まだロックが好き

まだロックが好き

夢破れたサラリーマンがおめおめと生きている日記

生きることのつらさは他人との比較で生じる

 

生きていることはつらい。そう思う。なぜなら人と比べてしまうから。自分は自分なのに。でもどうしても比較してしまう。人の心は難儀である。それをもっとも痛感するのは電車内で座れないときでなかろうか。

 

人は欲を持している。それは欲求御三家として知られる食欲、性欲、睡眠欲などが列挙されること甚だございますが、もちろんその他もろもろありまして、つまり立っていると疲れるので座りたくなるのです。人はこれを座欲と呼びます。

 

本日、私はすこし早めの電車に乗車した。すると少し早めが功を奏したのか、すこしばかり車内の人口密度がいつもよりも薄く感じた。こういうのをよく「早起きは三文の徳」なんて形容するが、銭よりも精神的にラッキーを得たような心地がして、いつもより朝日が反射する荒川のきらめきが美しく思えた。

 

しかし座れないのが都内の電車。空いている、といっても座席は埋まっている。やり場のない私の座欲は中空をさまようばかり。よって私は吊革を握りしめ直立していたのである。

 

眼下には若い男女のふたり組みがいた。彼らは座欲を満たしていた。彼らの膝前、つまり私と彼らのあいだ余地には通称キャリーバッグと呼ばれる大型車輪運搬式合成樹脂鞄が在を放っていた。
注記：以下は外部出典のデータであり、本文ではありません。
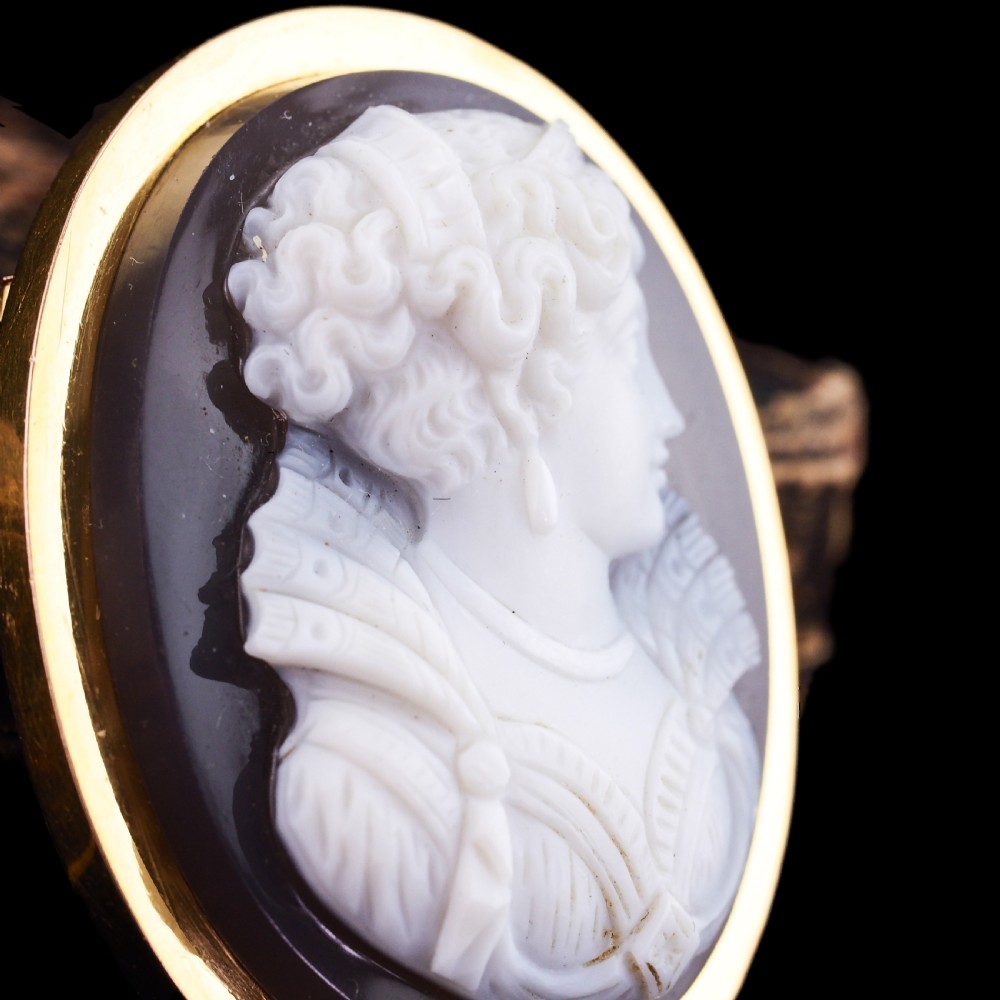 An oval Victorian brooch featuring a white hand-carved agate female portrait profile set within a smooth 18ct yellow gold frame. View XII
察するに、彼らは修験者で全国行脚中なのか。それとも彼らは渡り鳥と呼ばれる民族で寒気が満ちたら南へ、暖気が満ちたら北へ行くのか。それとももしかして駆け落ちか。なんてなことを考えていると、まぁ彼らの会話から推察するに旅行のようであった。

 

すると私の心に突如、羨望、嫉妬、憤慨、嫌悪、悲哀、傷心などの各種不快感が生じた。

 

これはなぜかというと、つまり、彼らはこれから休暇をエンジョイしに行く。いっぽうの私は業務に勤じる。彼らはこれから温泉なんかに浸かって日ごろの疲れを脱色したりする。いっぽう私は会いたくもない人間にあったりして心が黒くなる。彼らは各地の名物なんかに舌鼓を打ちストレスを解消しにいく。いっぽう私は精神的体力的に疲弊し鬱積が貯蓄される。なのになんで俺が立っていてお前ら座ってんだよ。ということである。

 

しかも、である。世間様はみんな労働しているのになんたる傍若無人か。と思うのは、奴らはこの平日にあえて休みを合わせ、人口の少ないなか悠々自適に休暇を享受しようという権謀術数の一計を案じたわけである。なんとまぁきな臭い心持ちであろうか。

 

でもこういうとき思う。自分の心に肯定心を投擲する。つまり今日私は働いている。ということは、私はえらい。よく店舗側が「お客様は神様です」なんてフレーズを使うが、それはちがう。なぜなら働いていない人よりも働いている人のほうがえらいのである。だからみんなが休暇している時に労働に従事しているあなたのほうがえらいのですよ。神はあなたです。南無阿弥アーメン。じゃなくて、大盛りラーメンひとつ。といった具合です。

 

なので本日限りで言えば、私はあなた方よりも偉人である。今日働いていないあなた方はつまり暫定無職。こんなところでカーストを持ち出すのも無粋であるが、無職よりも正社員のほうがえらいのである。たとえ私のような丁稚であってもである。

 

なのに。あぁそれなのに。あなた方が座していて、私は起立している。どういうことでしょうか。偉人と愚民の待遇がまちがっていませんか神さま。

 

なるほどしかし納得するのは彼らは暫定無職。つまり貧困層。だから私よりも下京した立地にしか住居を構えられないのであって、だから私が電車に乗る前に電車に乗って座っていられるのである。疲れるけれども誇りで勝利する。

 

弱きを守るのは強きものの宿命である。だから社会的弱者の彼らを座らせて、私は立っている。これはそうか。正しい社会の縮図ではないか。偉人は偉人たるアティチュードを守らなければならないのである。えらいってたいへん。他人が休んでいるときに自分が働いているとどうも心が鬱屈してしまう。いかんいかん。自分を律さなければ。なぜなら私は偉人だから。

 

と、思ったところで脳裏をよぎるのは「黄金週間」という言葉であった。みなさん9連休ですか。なるほど大企業にお勤めですね。富裕層じゃないですか。あ、私みたいな零細企業勤務は今日も仕事ですよ。あはは。なんかすみません。ちなみに明日も仕事です。生きることはつらい。